Commentary
Members of Congress Push Pro-DEI Resolution—And Medical Orgs Line Up Behind It
Share:
States across America are rolling back the pervasive influence that DEI has had in medical schools across the country. Some members of Congress, on the other hand, have rushed to its defense. And medical organizations have their backs.
Last month, five members of Congress introduced a resolution, H.Res.1180, entitled “Recognizing the importance of diversity, equity, and inclusion efforts in medical education.”
It contains the predictable platitudes. Among these are particularly dubious claims about racial concordance between providers and patients leading to better healthcare and the importance of DEI principles in medical education.
How many times must the disproven notion of racial concordance be disproven? Laymen and providers alike should understand that a patient’s access to high-quality care is far more predictive of health outcomes than access to care from providers of the same racial backgrounds. Increasing the quality of care and access to that care, not segregation, should be the priority.
And, of course, the resolution features the predictable contradiction that “discrimination, bias, and racism in medical education directly impacts the delivery of equitable health care throughout the United States,” as if DEI represents the repudiation, rather than the continuation, of discrimination, bias, and racism.

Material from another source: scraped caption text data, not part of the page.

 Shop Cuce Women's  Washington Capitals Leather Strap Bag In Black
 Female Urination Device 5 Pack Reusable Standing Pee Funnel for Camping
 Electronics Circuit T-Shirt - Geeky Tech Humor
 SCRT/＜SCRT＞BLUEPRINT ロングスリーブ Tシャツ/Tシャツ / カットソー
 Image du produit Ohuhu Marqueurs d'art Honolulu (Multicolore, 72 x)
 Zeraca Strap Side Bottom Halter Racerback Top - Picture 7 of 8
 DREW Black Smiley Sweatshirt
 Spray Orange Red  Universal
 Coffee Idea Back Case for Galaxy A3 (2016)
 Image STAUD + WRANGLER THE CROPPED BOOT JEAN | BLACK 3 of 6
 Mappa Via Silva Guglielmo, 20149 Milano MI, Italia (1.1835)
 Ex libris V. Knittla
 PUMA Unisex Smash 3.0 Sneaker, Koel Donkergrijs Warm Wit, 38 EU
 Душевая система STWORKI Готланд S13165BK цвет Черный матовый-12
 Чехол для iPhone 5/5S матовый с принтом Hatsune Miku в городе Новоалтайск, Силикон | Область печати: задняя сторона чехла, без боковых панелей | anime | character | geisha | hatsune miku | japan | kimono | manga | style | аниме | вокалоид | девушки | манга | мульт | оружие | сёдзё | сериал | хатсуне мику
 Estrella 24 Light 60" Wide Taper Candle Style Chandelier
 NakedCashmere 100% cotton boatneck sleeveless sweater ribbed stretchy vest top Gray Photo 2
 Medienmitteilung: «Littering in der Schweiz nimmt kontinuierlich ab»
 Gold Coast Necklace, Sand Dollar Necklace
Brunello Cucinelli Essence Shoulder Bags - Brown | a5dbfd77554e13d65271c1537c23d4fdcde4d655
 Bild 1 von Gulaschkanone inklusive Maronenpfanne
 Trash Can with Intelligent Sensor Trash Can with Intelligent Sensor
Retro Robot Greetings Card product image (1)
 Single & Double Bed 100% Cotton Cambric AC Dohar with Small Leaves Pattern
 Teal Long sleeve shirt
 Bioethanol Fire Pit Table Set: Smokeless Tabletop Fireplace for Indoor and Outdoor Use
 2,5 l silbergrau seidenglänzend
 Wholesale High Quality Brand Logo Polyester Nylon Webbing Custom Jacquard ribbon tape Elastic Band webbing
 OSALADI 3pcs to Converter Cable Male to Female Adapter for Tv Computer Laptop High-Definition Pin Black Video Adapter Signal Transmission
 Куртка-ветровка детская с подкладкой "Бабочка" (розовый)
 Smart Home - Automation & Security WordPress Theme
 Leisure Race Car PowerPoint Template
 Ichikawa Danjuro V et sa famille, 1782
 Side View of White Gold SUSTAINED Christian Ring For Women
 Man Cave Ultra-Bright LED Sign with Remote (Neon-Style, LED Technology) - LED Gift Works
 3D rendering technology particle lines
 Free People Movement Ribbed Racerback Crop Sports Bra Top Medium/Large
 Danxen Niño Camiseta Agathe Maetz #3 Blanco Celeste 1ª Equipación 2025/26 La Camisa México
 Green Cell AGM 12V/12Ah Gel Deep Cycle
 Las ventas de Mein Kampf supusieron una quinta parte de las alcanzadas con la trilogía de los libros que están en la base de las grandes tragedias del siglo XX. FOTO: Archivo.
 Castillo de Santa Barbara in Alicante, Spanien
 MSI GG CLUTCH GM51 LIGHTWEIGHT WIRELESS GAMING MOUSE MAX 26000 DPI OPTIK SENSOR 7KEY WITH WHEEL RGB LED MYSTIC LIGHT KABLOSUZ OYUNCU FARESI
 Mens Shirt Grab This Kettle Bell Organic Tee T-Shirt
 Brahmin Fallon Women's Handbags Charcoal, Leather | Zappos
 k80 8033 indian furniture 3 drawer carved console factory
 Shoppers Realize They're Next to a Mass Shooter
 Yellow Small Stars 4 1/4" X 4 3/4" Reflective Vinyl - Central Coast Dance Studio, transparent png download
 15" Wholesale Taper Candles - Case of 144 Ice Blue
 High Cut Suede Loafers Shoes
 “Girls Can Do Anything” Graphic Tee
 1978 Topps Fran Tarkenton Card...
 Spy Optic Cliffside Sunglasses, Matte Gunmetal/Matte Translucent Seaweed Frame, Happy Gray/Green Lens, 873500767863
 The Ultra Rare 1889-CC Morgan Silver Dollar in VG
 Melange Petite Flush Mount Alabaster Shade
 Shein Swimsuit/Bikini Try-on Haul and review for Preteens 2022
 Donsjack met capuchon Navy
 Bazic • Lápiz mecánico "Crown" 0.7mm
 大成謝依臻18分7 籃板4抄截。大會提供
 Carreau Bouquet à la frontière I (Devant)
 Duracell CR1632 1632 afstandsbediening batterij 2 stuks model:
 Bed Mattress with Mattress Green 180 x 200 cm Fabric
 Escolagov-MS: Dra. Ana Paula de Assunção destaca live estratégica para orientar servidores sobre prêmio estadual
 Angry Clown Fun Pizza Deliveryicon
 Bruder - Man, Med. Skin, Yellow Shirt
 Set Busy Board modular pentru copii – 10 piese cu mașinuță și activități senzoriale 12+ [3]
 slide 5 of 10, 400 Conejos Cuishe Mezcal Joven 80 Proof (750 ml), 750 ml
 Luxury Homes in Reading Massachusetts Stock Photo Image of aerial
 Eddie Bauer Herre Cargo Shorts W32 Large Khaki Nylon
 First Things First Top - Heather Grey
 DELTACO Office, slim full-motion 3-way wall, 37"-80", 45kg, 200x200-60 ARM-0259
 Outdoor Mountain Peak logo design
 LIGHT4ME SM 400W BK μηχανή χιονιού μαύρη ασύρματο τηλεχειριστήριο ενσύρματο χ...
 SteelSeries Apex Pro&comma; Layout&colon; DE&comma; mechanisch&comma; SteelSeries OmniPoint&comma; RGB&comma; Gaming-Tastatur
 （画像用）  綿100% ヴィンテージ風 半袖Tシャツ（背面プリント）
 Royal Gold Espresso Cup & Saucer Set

Concerned providers and members of the public have grown accustomed to virtue signaling and silly resolutions in Congress. But what might surprise some are the groups standing behind it.
More than two dozen major medical organizations in the United States have signed on to “endorse” this radical resolution. These include notable entities like the Association of American Medical Colleges (AAMC), the American College of Physicians (ACP), the American Association of Colleges of Osteopathic Medicine (AACOM), the American Society of Addiction Medicine (ASAM), and more.
Unfortunately, these groups have publicly weighed in on the side of DEI many times. For example, the AAMC has previously come under fire for advancing critical race theory on students, while also training physicians to become activists for DEI. Similarly, AACOM has pushed DEI policies in its accreditation standards for colleges of osteopathic medicine.
This resolution has been referred to the House Committee on Energy and Commerce, where it is likely to remain in limbo for some time.
Indeed, several members of the committee have co-sponsored Rep. Greg Murphy’s EDUCATE Act, which would ban DEI in medical schools which receive federal funding. Of course, the AAMC and other medical organizations have lobbied against the EDUCATE Act.
Dues-paying individuals in these organizations would do well to remember what these groups stand for and do with their resources when asked to renew their membership. And policymakers unamused by this resolution and these medical organization’s pro-DEI stands should remember this moment when these organizations lobby for more power and money.